All of the planets, including Earth, move around the sun in elliptical pattern. Curiously, the Sun does not occupy the center of these ellipses, but one of the two focal point with in the ellipse.
This geometric harmony was first described by 16th century German astronomer Johannes Kepler, who made beautiful use of the Platonic solids to calculate the orbital rhythms of the planets, and to determine things like when they orbit closest and furthest away from the Sun.
But doesn't it seem strange but here we are, at the beginning of our warmest season in the northern hemisphere and we are actually furthest away from the Sun right now?
I love these kinds of cosmic contradictions, like using a forest of trees instead of a telescope to find the stars.
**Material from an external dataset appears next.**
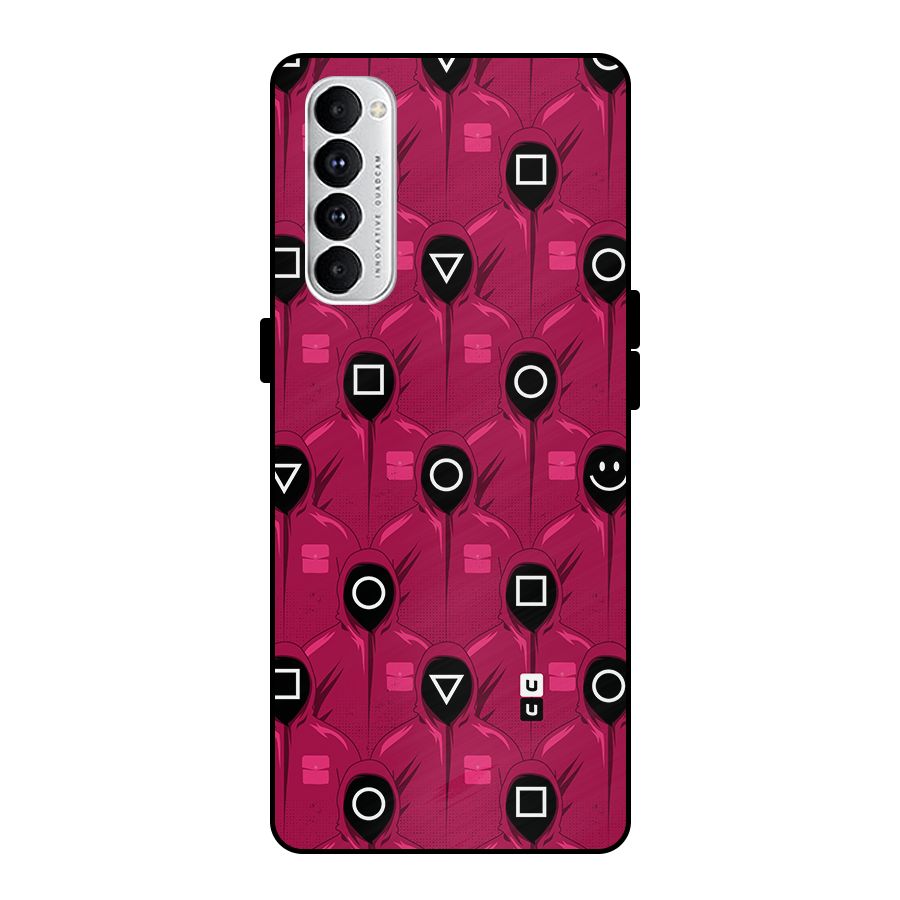 Squid Gamers Pattern Metal Back Case for Oppo Reno4 Pro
Wait, what?
An hour after sunset, when the first stars start to appear, the trees can be a magnificent aid to night sky viewing. If you are just learning the constellations, a break in the treetops allows for focusing on isolated regions of the sky without getting lost in a wide open Vista. If you are a seasoned stargazer, the trees offer the friendly challenge guessing which stars they hold a loft in the night.
The English romantic poet John Keats described just such a scene in his epic poem "Hyperion" when he wrote the words: "... As when, upon a tranced summer night, those green rob'd senators of mighty woods, tall oaks, branch-charmed by the earnest stars, dream, and so dream all night..."
After all the fireworks of the season, as the Earth rolls away from the Sun and the Moon sweeps up West over the horizon, may you find your way out under mighty trees, branch-charmed by the stars.